W wyroku z 27.11.2008 r., IV CSK 306/08, SN wskazał, że powyższy brak może zostać uzupełniony, albowiem jest to brak usuwalny (art. 199 § 2 k.p.c.), a w celu jego usunięcia sąd, działając z urzędu, powinien wyznaczyć odpowiedni termin (art. 70 § 1 k.p.c.). W wyroku z 22.09.2011 r., III Ca 302/11, LEX nr 1713961, SO w Gdańsku, przywołując powyższe orzeczenie SN, stwierdził, że brak zezwolenia sądu opiekuńczego na wniesienie powództwa istniejący na etapie wniesienia pozwu może zostać konwalidowany przez zezwolenie wydane przez sąd opiekuńczy. Jeżeli jednak po wytoczeniu powództwa nastąpił zdarzenie, które nie pozwala na złożenie wniosku o zezwolenie np. śmierć podopiecznego, brak nie może być usunięty w drodze zezwolenia udzielonego przez sąd opiekuńczy. Jak podkreślił SN w powyższym orzeczeniu, sąd rozpoznający sprawę o zadośćuczynienie w sprawie wniesionej przed śmiercią osoby poszkodowanej przez opiekuna prawnego może ocenić samodzielnie, czy opiekun uzyskałby zezwolenie sądu opiekuńczego na wytoczenie powództwa (art. 156 w zw. z art. 175 k.r.o.). Powyższy pogląd zasługuje na aprobatę. Celem art. 155 k.r.o. jest bowiem ochrona interesów podopiecznego. Powyższe stanowisko spotkało się z aprobatą sądów powszechnych (zob. wyrok SA w Łodzi z 22.10.2014 r., I ACa 1104/14, LEX nr 1544866).

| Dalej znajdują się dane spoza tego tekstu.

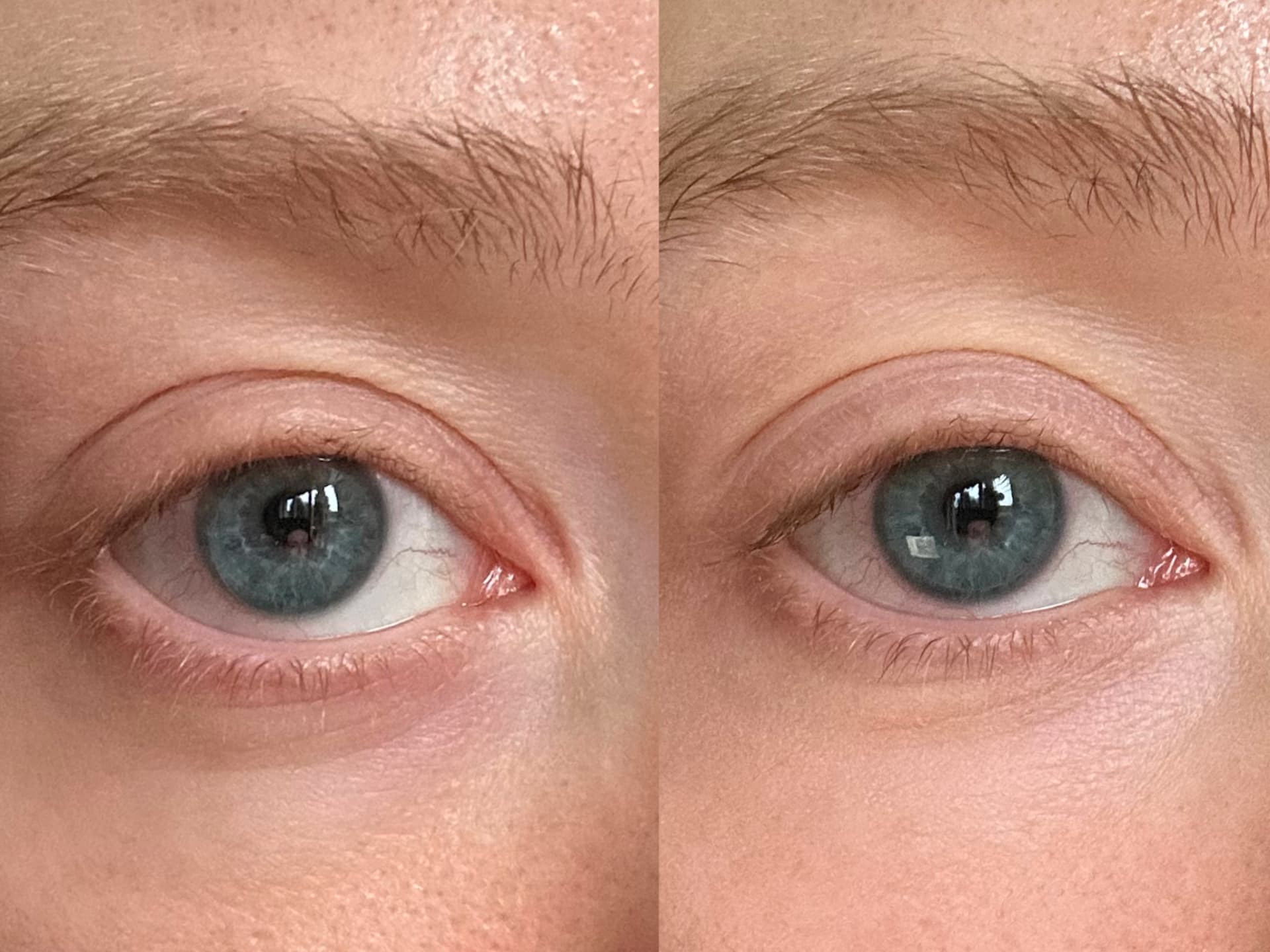 Catrice Under Eye Brightener Erfahrungen - Vorher und Nachher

W niniejszej sprawie kwestia, iż powód jako osoba ubezwłasnowolniona całkowicie zgodnie z art. 12 k.c. nie ma zdolności do czynności prawnych, a tym samym nie ma zdolności do czynności procesowych w rozumieniu art. 65 §1 k.p.c. pozostawał poza sporem. Zgodnie z treścią art. 66 k.p.c. czynności procesowe mógł za powoda podejmować jego opiekun prawny, ale po uzyskaniu zgodny sądu opiekuńczego w trybie art. 156 k.r. i o. z zw. z art. 175 k.r. i o.. Ta okoliczność uszła uwadze sądu pierwszej instancji. Biorąc więc pod uwagę treść art. 70 §1 k.p.c. sąd odwoławczy zobowiązał opiekuna prawnego powoda do złożenia do akt sprawy postanowienia sądu opiekuńczego zezwalającego na wytoczenie powództwa i zakreślił opiekunowi termin trzech miesięcy na wykonanie tego zobowiązania. Mimo upływu tego terminu opiekun powoda nie złożył postanowienia sądu opiekuńczego do akt sprawy, a nawet nie poinformował sądu odwoławczego by stosowną procedurę wszczął. Wobec powyższego ziściły się przesłanki z art. 199 §2 k.p.c. w zw. z art. 386 §3 k.p.c. nakazujące uchylenie wyroku i odrzucenie pozwu, gdyż powód nie ma zdolności procesowej, a jego opiekun skutecznie nie działał.

Biorąc powyższe pod uwagę orzeczono jak w sentencji.

O kosztach postępowania apelacyjnego orzeczono na podstawie art. 102 k.p.c. kierując się identycznymi przesłankami jak wskazane w uzasadnieniu sądu pierwszej instancji.